# service questions



## blueheels2 (Apr 22, 2009)

Doing my first overhead service change since 2000 and doing a little research and got a few questions. I used to live in VT and we always had a meter socket/main on the pole ant then underground to the house. We always used the urd to go up the pole as well and then the poco would hook it up. However, I remember that cable had written on it that it was sunlight resistant. URD in HD Lowes doesn't have that (yes I expect grief for shopping at these stores) on their urd. Therefore I expect to fail if I use this coming out the weatherhead. Should I use SEU to go up the mast and strip it out before the weatherhead? I will not just run the SEU up the side of the bldg. I'd go any other route than that.

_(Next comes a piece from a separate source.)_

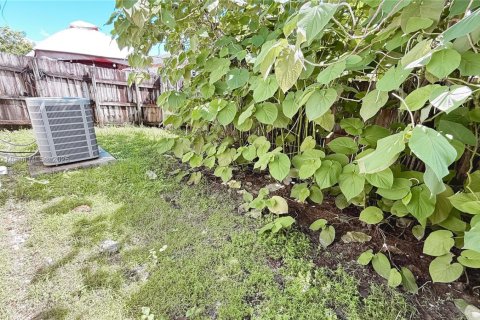 House in Homestead, Florida 3 bedrooms, 107.77 sq.m. № 1956255 - photo 4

Next question? Does the mast need to be schedule 80 or can it be 40. POCO website does not say? Code says if subject ot physical damage then it should be in schedue 80. IMO that is up to AHJ and have a feeling he will require it? What say u?


----------



## ampman (Apr 2, 2009)

if you use seu the place will burn down


----------



## blueheels2 (Apr 22, 2009)

:laughing::laughing::laughing::laughing::laughing:


----------



## tomngo (Sep 19, 2011)

*Feeder splice?*

Hi there!
My name is Tom. I have few questions. I am a new member and I am not even know how to post a new message on the board. Is there anybody out there can lead me to it?
1. I have recently gave an estimate to my customer who have subpanel 100A is about 100ft away from the main electrical distibutor. Now that he wants to re-route the cable so that it is running along the wall, which is outside of the building (this is a commercial building). I estimated the new extension will be around 50 ft more.
2. Is it legal to put a j-box and splice the cables? I could not find anything in the NEC to confirm it is okay to do so. I really appreciate it if someone can give me some suggestions or show me where is in the NEC that may allow to do it.
Tom














blueheels2 said:


> Doing my first overhead service change since 2000 and doing a little research and got a few questions. I used to live in VT and we always had a meter socket/main on the pole ant then underground to the house. We always used the urd to go up the pole as well and then the poco would hook it up. However, I remember that cable had written on it that it was sunlight resistant. URD in HD Lowes doesn't have that (yes I expect grief for shopping at these stores) on their urd. Therefore I expect to fail if I use this coming out the weatherhead. Should I use SEU to go up the mast and strip it out before the weatherhead? I will not just run the SEU up the side of the bldg. I'd go any other route than that.
> 
> Next question? Does the mast need to be schedule 80 or can it be 40. POCO website does not say? Code says if subject ot physical damage then it should be in schedue 80. IMO that is up to AHJ and have a feeling he will require it? What say u?


----------